Figure 1. Schematic diagrams of the metallization process developed in this study.

Apparently, control of surface hydrophilicity is a key in the process. Consequently, in the following sections, we discuss PFOTES modification in detail using XPS. Figure 2a is the XPS survey scans of the TiO2-coated glasses before and after PFOTES grafting. It can be seen that CF, F 1s, and F KLL signals representing C–F polar covalent bond, fluorine, and fluorine Auger peak were clearly detected, indicating the grafting of PFOTES was successful. The F 1s, Ti 2p, and O 1s spectra before and after PFOTES grafting were zoomed-in in Figure 2b–d, respectively. As can be seen in Figure 2b, the deconvoluted F 1s spectrum contains two peaks at 686.84 and 687.89 eV, which represent terminal CF3 and interval CF2 moieties, respectively. (24) In Figure 2c, the Ti spectrum of the TiO2-coated substrate before PFOTES grafting shows two peaks at 465.69 and 458.99 eV, corresponding to Ti 2p1/2 and Ti 2p3/2, respectively. (25) After the PFOTES grafting, both peaks shifted to higher binding energies by approximately 0.4 eV due to the interference of electronegative CFx moieties. On the contrary, the O 1s spectrum of TiO2-coated glass shown in Figure 2d was composed of multiple contributions including a main peak at 530.26 eV from TiO2 and two minor peaks at 531.75 and 533.20 eV from OH– and SiO2, respectively. (25,26) The presence of SiO2 signal hints the coverage of TiO2 coating is not perfect but satisfactory due to weak intensity.
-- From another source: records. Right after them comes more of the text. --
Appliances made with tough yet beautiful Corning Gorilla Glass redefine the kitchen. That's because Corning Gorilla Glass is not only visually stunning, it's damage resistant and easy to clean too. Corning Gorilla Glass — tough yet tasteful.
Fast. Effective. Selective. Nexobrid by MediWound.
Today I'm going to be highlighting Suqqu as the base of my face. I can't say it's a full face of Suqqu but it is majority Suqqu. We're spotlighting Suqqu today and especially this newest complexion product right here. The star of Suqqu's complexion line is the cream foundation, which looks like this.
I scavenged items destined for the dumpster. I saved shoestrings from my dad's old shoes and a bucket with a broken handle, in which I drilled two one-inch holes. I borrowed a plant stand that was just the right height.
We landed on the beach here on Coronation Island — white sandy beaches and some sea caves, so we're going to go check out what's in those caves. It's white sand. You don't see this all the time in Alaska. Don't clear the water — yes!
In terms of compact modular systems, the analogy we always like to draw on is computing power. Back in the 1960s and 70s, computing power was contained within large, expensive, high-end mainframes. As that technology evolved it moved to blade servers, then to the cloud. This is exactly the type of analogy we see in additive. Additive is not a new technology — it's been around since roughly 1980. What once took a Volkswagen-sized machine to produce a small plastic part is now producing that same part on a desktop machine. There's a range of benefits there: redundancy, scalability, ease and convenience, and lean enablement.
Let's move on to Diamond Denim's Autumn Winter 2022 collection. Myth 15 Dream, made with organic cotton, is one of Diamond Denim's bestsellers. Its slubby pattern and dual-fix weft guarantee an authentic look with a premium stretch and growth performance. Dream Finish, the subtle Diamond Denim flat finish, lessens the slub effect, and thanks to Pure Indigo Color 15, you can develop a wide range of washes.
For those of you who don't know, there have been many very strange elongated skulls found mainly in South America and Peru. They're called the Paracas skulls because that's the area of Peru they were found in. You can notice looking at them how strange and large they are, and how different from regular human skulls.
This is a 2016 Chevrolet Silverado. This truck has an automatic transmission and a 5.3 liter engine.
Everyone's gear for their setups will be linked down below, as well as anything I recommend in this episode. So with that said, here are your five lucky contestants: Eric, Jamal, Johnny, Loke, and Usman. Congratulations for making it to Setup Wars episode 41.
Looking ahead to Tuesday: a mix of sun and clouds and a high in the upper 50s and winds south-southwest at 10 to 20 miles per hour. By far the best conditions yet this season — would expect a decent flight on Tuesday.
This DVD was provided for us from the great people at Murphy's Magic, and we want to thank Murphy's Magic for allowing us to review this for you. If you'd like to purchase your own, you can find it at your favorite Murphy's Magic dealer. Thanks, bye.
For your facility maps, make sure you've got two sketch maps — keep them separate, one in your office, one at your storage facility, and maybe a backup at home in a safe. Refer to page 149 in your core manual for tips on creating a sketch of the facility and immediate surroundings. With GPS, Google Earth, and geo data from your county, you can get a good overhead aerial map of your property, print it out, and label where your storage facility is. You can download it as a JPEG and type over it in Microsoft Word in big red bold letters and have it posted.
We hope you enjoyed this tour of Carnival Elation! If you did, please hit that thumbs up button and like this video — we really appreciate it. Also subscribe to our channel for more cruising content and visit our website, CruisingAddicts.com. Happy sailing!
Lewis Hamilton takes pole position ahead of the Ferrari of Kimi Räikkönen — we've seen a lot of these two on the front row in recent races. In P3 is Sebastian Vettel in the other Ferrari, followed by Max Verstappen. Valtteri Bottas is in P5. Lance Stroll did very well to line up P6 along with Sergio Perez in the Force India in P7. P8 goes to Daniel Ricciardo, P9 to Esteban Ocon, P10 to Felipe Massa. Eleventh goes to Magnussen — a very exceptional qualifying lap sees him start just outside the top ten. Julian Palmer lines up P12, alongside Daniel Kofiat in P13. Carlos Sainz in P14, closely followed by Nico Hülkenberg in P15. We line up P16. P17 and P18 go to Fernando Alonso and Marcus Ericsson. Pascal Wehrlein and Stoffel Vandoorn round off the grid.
After PFOTES grafting, two additional peaks were found, in which a major peak at 530.71 eV was assigned to Ti–O–Si and a minor peak at 532.32 eV assigned to Si–O–C were deconvoluted. (27) The finding of Ti–O–Si contribution is a direct evidence that PFOTES grafting occurs on TiO2 via silanol head group and CFx tails were not involved in the grafting. The minor contribution of Si–O–C implies a small portion of PFOTES was horizontally connected, which leaves room for future improvement of the PFOTES grafting process.

Figure 2

Figure 2. XPS (a) survey spectrum, (b) F 1s spectra, (c) Ti 2P spectra, and (d) O 1s spectra of TiO2-coated glass and PFOTES-grafted TiO2-coated glass.

Figure 3 shows the FESEM images of the sample after ELD, in which Figure 3a–c illustrates the top view of the sample. It can be seen that the line width of the laser pattern is approximately 30 μm, but the ELD Ni–P width grid became 90 μm, indicating that ELD is seriously spilled. The spillover of line width can be explained by the heat effect of laser processing.

Figure 3

Figure 3. (a) Top-view image of the entire ELD area, (b) magnification of zone 2 and zone 3, (c) magnification of zone 1 and zone 2, and (d) imaginary cross-sectional structure of the entire ELD area and three representative FESEM images.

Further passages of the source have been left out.